Several of the most prominent members of the Constitutional Convention were slaveholders. George Washington, James Madison and Thomas Jefferson all owned slaves. Alexander Hamilton did not own slaves, but he married into a slave-owning family, and as a young man on the island of Nevis in the Caribbean, he worked for a merchant who imported slaves. The Constitution itself included the provision that only 3/5 of the slaves should be counted in determining the voting population of a state.

There can be no doubt then that the American people of 1788 must have read and understood the Constitution as condoning slavery and the racist ideologies that underlay it. Moreover, the racist understanding of the Constitution persisted for many years. The Dred Scott decision of 1857 showed that just before the Civil War, the Supreme Court still shared the racism of the writers of the Constitution. The 14th Amendment - ratified in 1868 - established that anyone born in the United States was a citizen entitled to the equal protection of the law, but the decision in Plessy vs. Ferguson, which established the “separate but equal” doctrine, was decided decades after the passage of the 14th amendment and showed unmistakably that the racism that underlay the “original public meaning” of the Constitution still characterized its interpretation. 

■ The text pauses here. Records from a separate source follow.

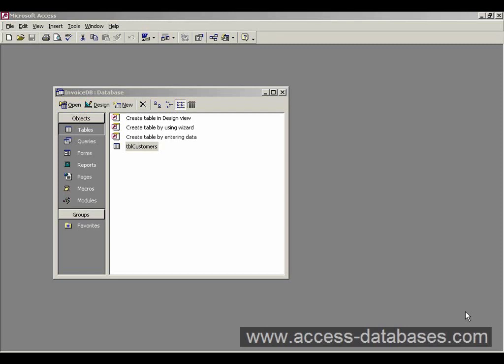In this database tutorial I'm going to talk about queries. So far we've created a table and we've put some information into it, but now we're going to try and get some information out of it. That's essentially what a query is.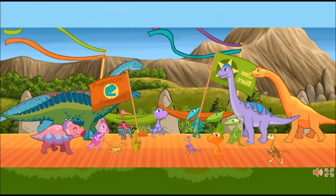Click on the dinosaurs that are smaller than the rest and have wings. Oops! That is not a small dinosaur with wings. Nice! That dinosaur is small and has wings.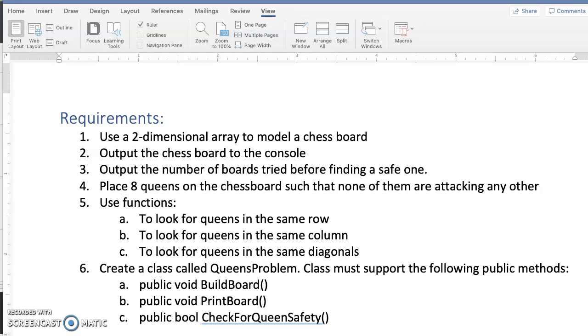Five, use functions to look for Queens in the same row, to look for Queens in the same column, and to look for Queens in the same diagonals. And six, create a class called Queens Problem.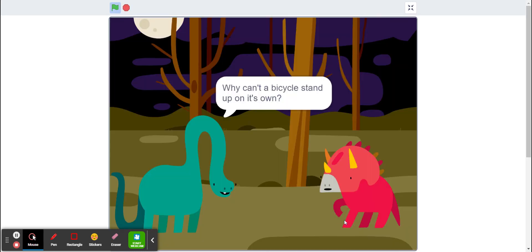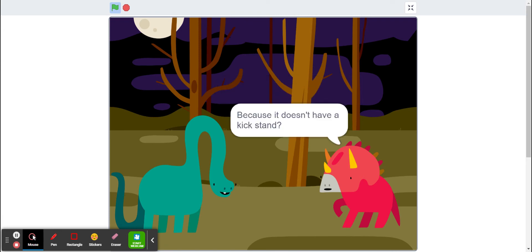So now if we click on joke two, it'll take us to a new backdrop with two other sprites that will tell a joke.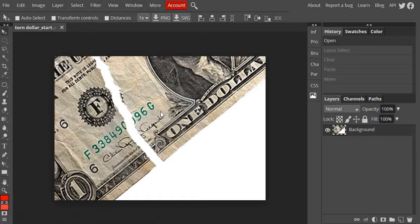Alright guys, with this retouch tool, it's not really so much a tool, but it's more of an action.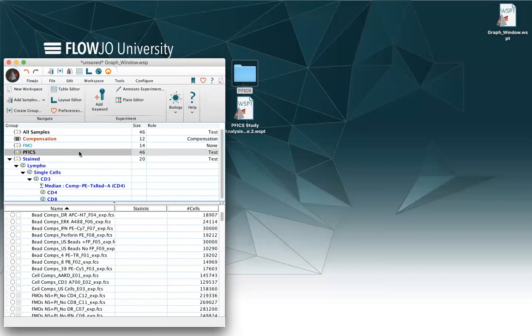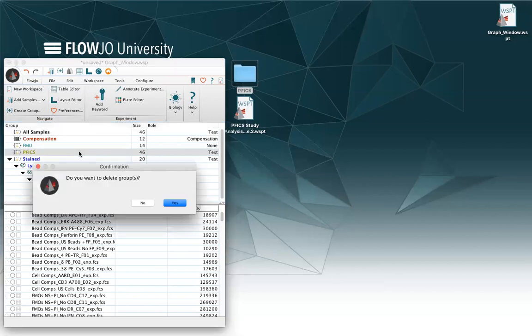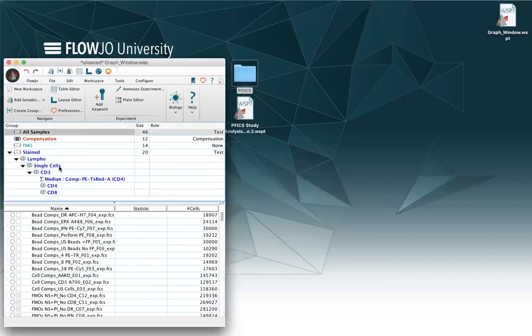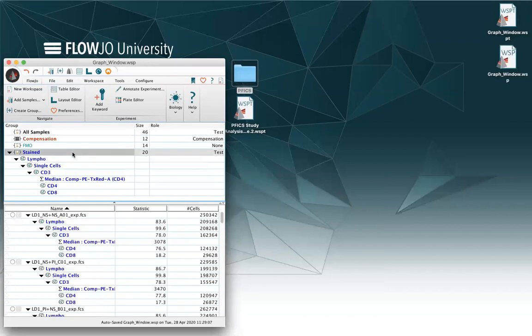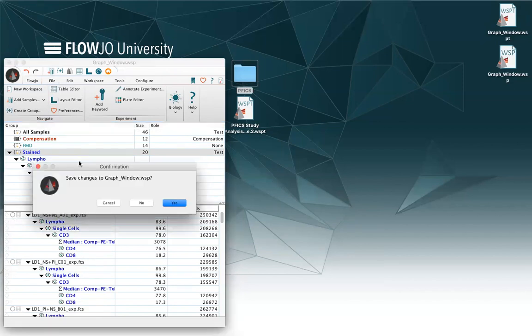For group properties tool, please watch the video on groups. I can also delete this group and go back to my actual workspace.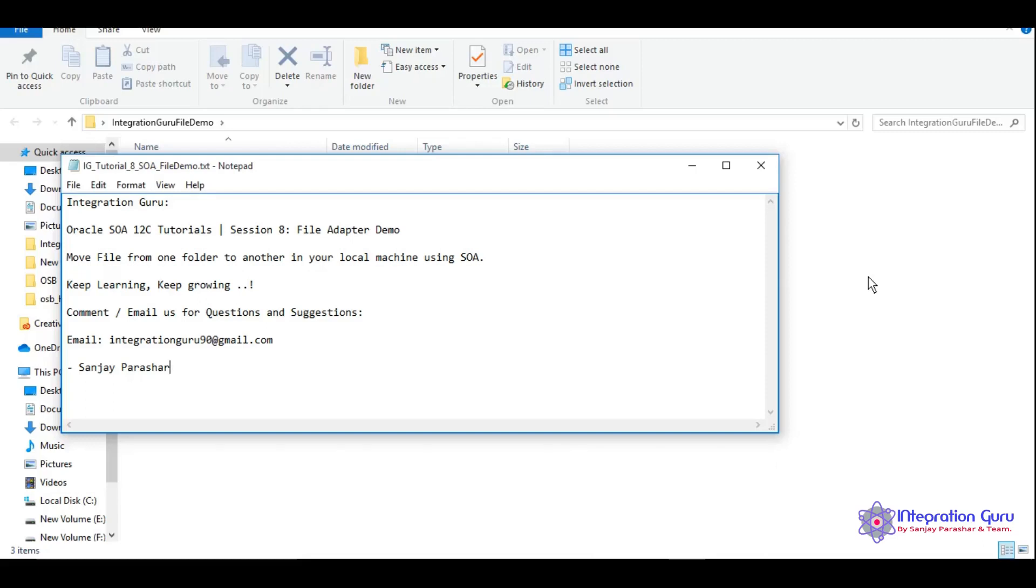Hello everyone, this is Sanjay Parashar. Welcome back to our channel Integration Guru. Today we will be learning about file adapter in SOA. Today is our eighth session in SOA tutorial series.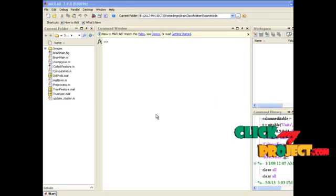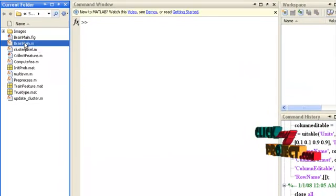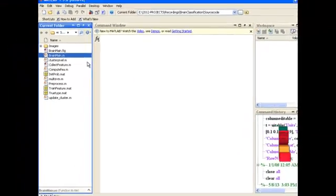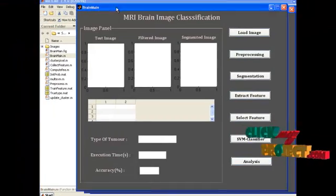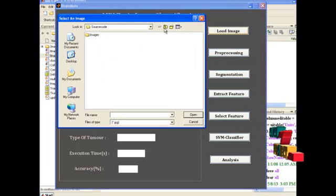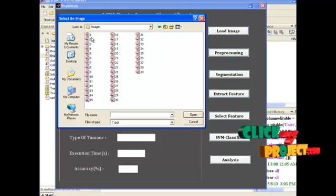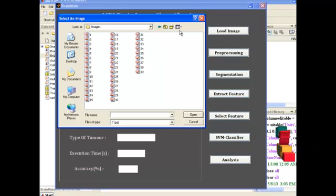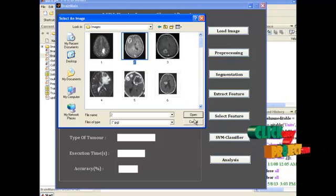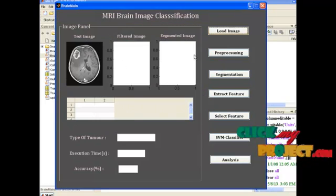Now let us see the demo of our proposed implementation. This is the main file, brain-main.m. Select this file, right-click, and choose the option run file. The GUI window is displayed. Now press the button load image. In the file browser window, under the images folder, select any one image. I am going to select the second one. It will be displayed in the corresponding axes control.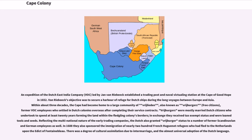Reflecting the multinational nature of the early trading companies, the Dutch also granted Vrijburger status to a number of former Scandinavian and German employees. In 1688 they also sponsored the immigration of nearly 200 French Huguenot refugees who had fled to the Netherlands upon the Edict of Fontainebleau. There was a degree of cultural assimilation due to intermarriage and the almost universal adoption of the Dutch language.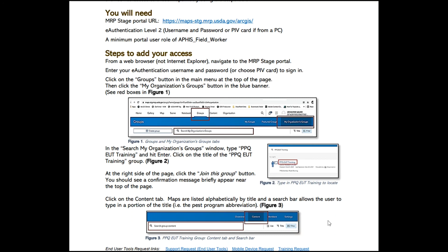Today we've covered signing into the production portal — the USDA MRP portal — and the stage portal where all the training maps are held.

Thus, the original public meaning of the Constitution was unavoidably racist. It was written in a racist society by people who owned slaves.  American racism continued to dominate the interpretation of the Constitution for many years after the Constitution was adopted. Although the writers of the Constitution espoused ideals of universal equality and freedom that continue to inspire us today, they understood those ideals very differently from the way that we understand them today.

Our Understanding of the Constitution Has Changed

Only since the Second World War has our understanding of the Constitution gradually changed. Pres. Truman integrated the armed forces in 1948, and the “Brown” decision that outlawed segregation in schools came in 1954. The Voting Rights Act came in 1965. Today, we have advanced beyond the ideas of our country's eighteenth-century founders. Today, most of us understand the Constitution as being opposed to racism, and the bulk of recent jurisprudence agrees with that view.

Originalist Judges Are Driving a Return to Racism

Now, several Supreme Court Judges are returning to interpreting the Constitution in terms of its original public meaning. Lead by Clarence Thomas, our country's most prominent originalist, they want to return to the racist interpretation of the Constitution that prevailed in this country until quite recently.  They want to annul the progress that we have made so painfully. They are turning the Supreme Court back into the racist institution that it once was.